**Exercise directions**
Exact copies of the lines below, from the one with "Used 2018 Chevrolet" up to and including the one with "Erdoğan gençlerle buluştu: Silahlar", are what this calls for; leave out pictures.
☆ ☆ ☆ ☆
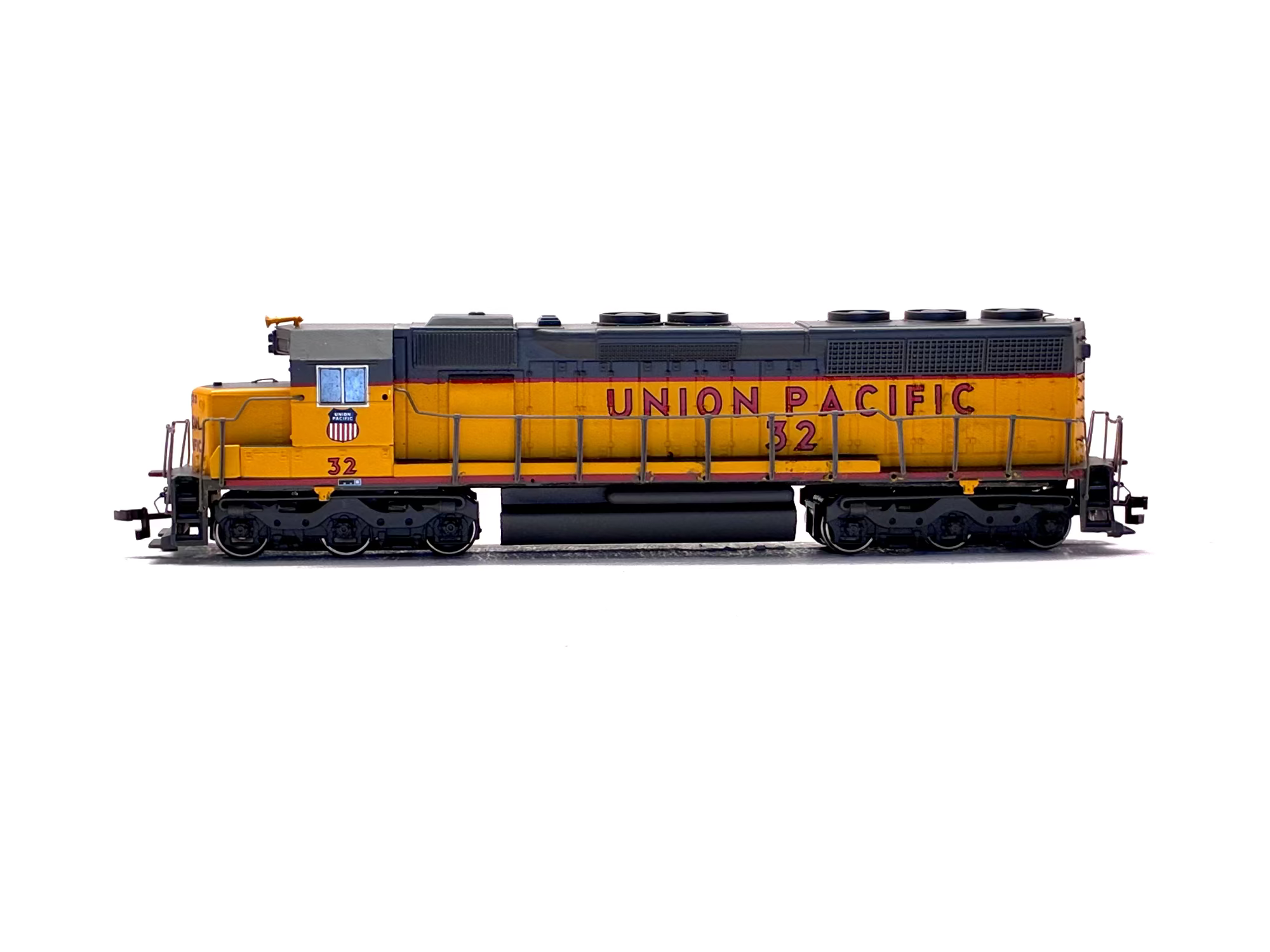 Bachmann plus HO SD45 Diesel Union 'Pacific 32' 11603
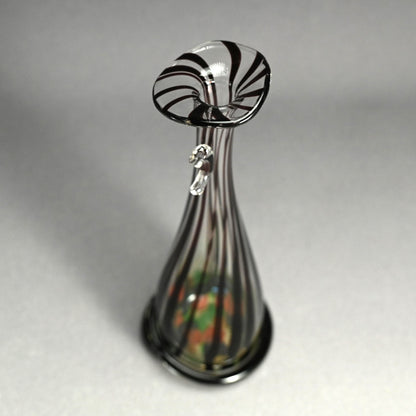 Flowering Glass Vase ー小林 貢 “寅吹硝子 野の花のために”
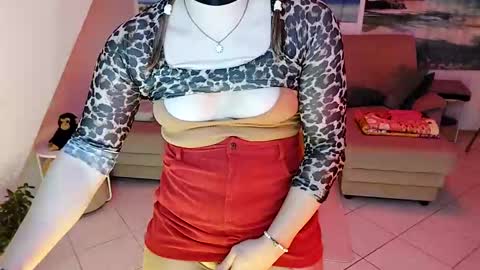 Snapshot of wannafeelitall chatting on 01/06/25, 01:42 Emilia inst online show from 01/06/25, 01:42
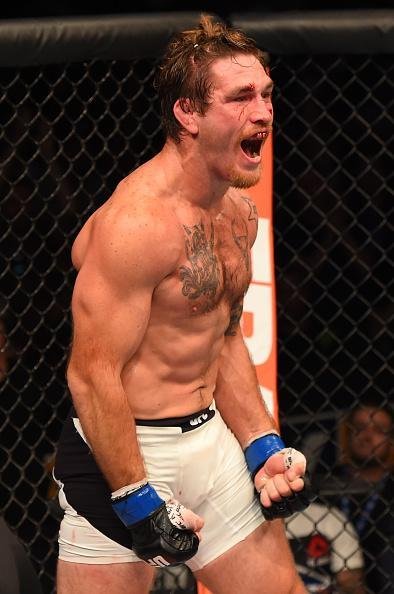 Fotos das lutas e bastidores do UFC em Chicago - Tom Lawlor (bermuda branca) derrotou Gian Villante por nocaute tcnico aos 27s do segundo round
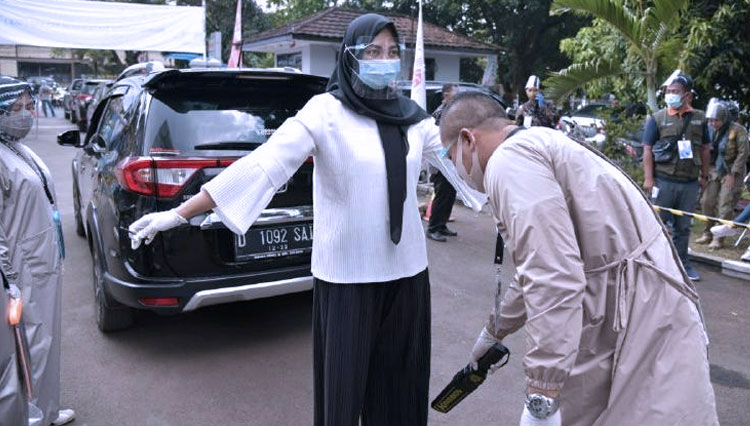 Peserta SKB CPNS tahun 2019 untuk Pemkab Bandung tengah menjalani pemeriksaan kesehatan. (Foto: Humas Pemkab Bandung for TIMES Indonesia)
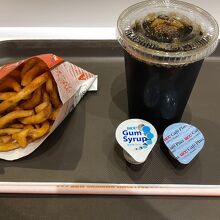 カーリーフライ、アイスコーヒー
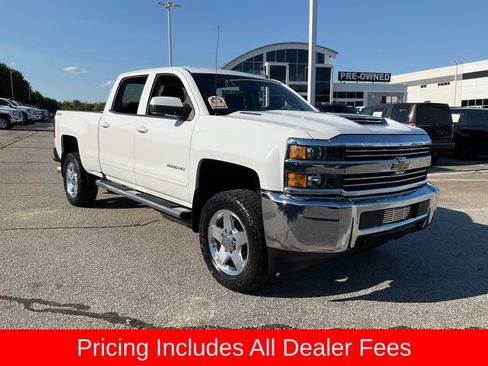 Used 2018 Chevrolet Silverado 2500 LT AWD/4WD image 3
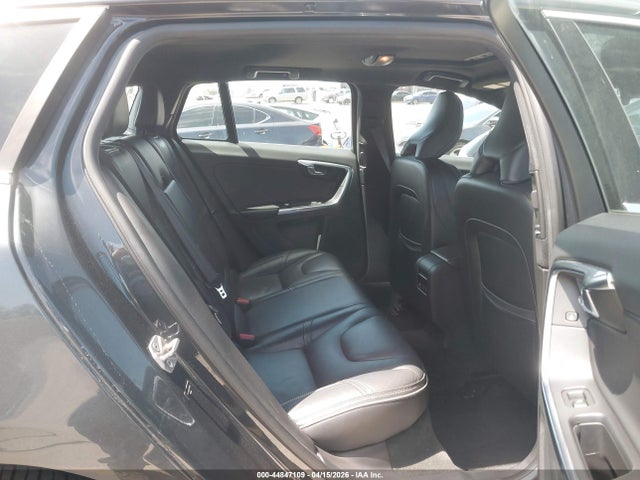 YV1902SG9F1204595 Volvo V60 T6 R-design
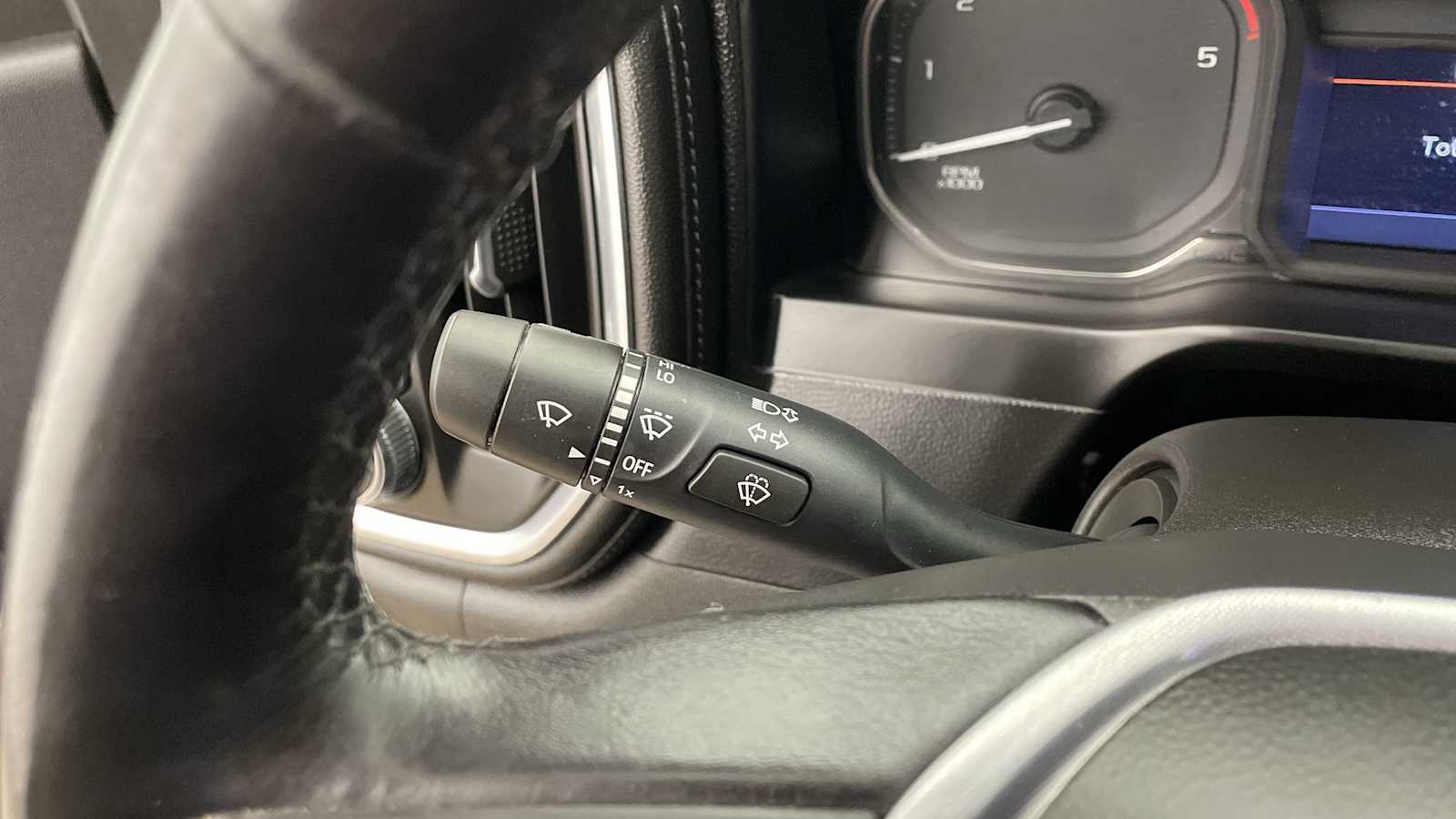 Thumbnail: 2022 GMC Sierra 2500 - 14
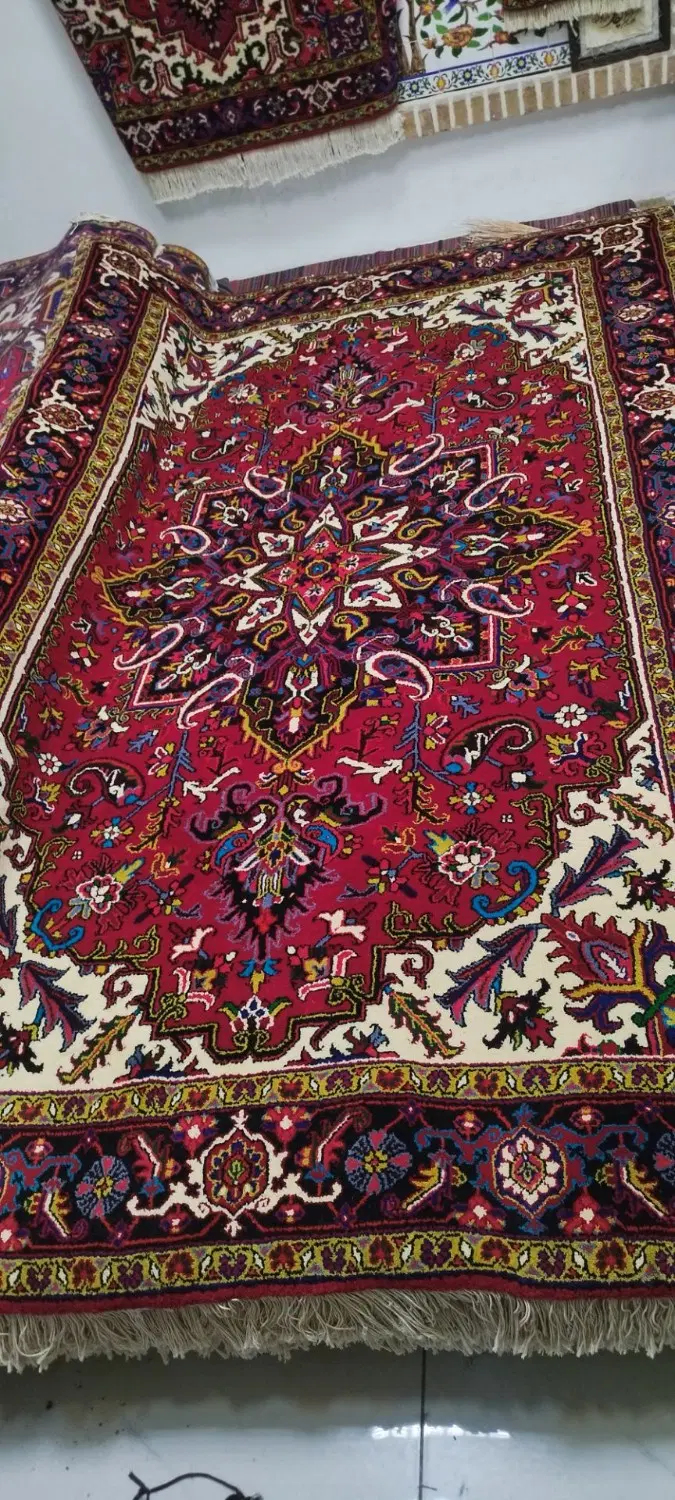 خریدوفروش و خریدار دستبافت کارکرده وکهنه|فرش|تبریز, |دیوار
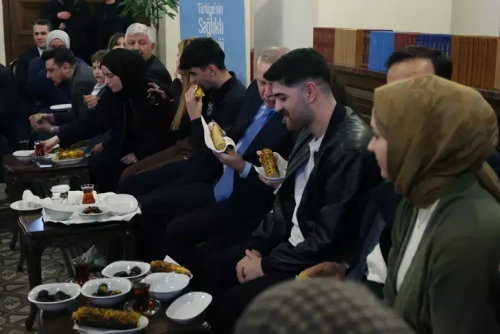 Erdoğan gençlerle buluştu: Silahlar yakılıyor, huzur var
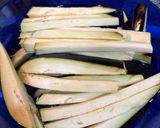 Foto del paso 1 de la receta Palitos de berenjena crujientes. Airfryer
☆ ☆ ☆ ☆
**Finished exercise**
 Used 2018 Chevrolet Silverado 2500 LT AWD/4WD image 3
 YV1902SG9F1204595 Volvo V60 T6 R-design
 Thumbnail: 2022 GMC Sierra 2500 - 14
 خریدوفروش و خریدار دستبافت کارکرده وکهنه|فرش|تبریز, |دیوار
 Erdoğan gençlerle buluştu: Silahlar yakılıyor, huzur var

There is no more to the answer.